Dès les premières notes, la mélodie s’installe avec une légèreté presque flottante : les synthétiseurs scintillent comme des lucioles qui auraient appris à faire des arpèges, la rythmique avance avec délicatesse, et l’ensemble construit une atmosphère aérienne, comme un matin suspendu entre rêve et réalité. Tout semble conçu pour laisser de l’espace à l’imaginaire, comme si chaque son ouvrait une porte vers une petite scène invisible.

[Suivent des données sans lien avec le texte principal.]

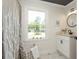 Well-lit bathroom featuring stylish tile floor, modern vanity, and a serene window view at 3365 Ardley Sw Rd, Atlanta, GA 30311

La voix de Mylène Farmer apporte cette dimension unique, à la fois douce et légèrement distante, comme une conteuse qui parlerait depuis un monde parallèle. Elle transforme le récit en quelque chose de plus vaste qu’une simple histoire de fée : on sent derrière la légèreté une réflexion sur l’imaginaire, sur la construction des récits et sur la part d’enfance qui persiste malgré le temps.
Les paroles jouent avec les images, les symboles et les doubles lectures, offrant une lecture simple en surface mais plus profonde si l’on s’y attarde. C’est un morceau qui ne cherche pas à impressionner par la complexité, mais par la sensation qu’il laisse après écoute : une impression de douceur suspendue.
J’ai eu l’impression que mes neurones s’étaient transformés en petites lanternes volant dans une forêt enchantée, chacune éclairant un souvenir différent sans jamais se heurter aux autres.
Bref, une chanson qui ne raconte pas seulement une fée… mais qui donne l’impression d’y croire encore un peu.